Take from the entries below the stretch from the line with "La ceremonia tuvo" through the line with "會議結束后，患者向醫生咨詢", and return it exactly, leaving the pictures out.

# Data listing
◆ ◆ ◆ ◆ ◆ ◆ ◆

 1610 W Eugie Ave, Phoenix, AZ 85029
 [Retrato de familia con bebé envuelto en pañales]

◆ ◆ ◆ ◆ ◆ ◆ ◆

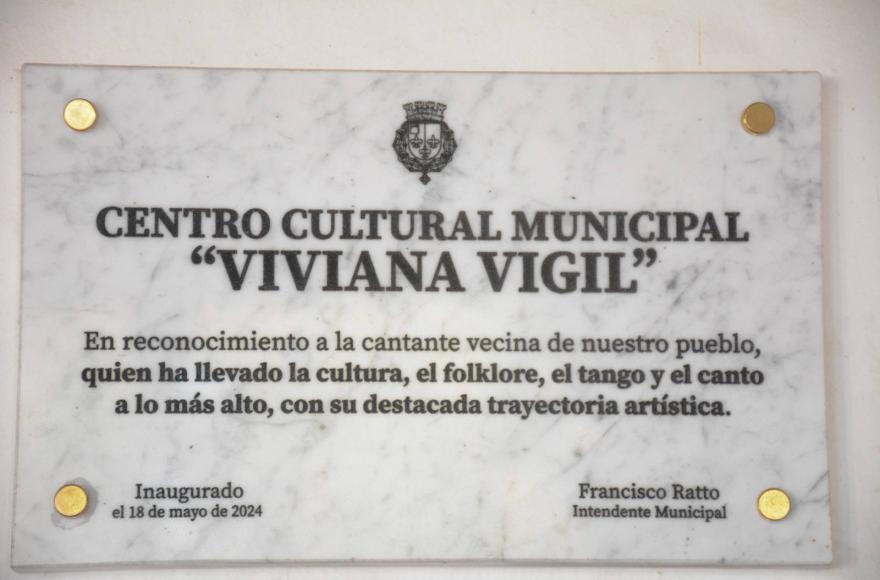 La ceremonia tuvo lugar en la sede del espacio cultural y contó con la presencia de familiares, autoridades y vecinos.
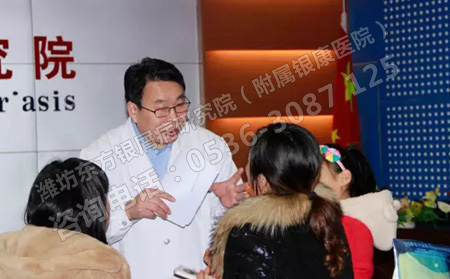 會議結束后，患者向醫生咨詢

◆ ◆ ◆ ◆ ◆ ◆ ◆

# Answer section
 La ceremonia tuvo lugar en la sede del espacio cultural y contó con la presencia de familiares, autoridades y vecinos.
 會議結束后，患者向醫生咨詢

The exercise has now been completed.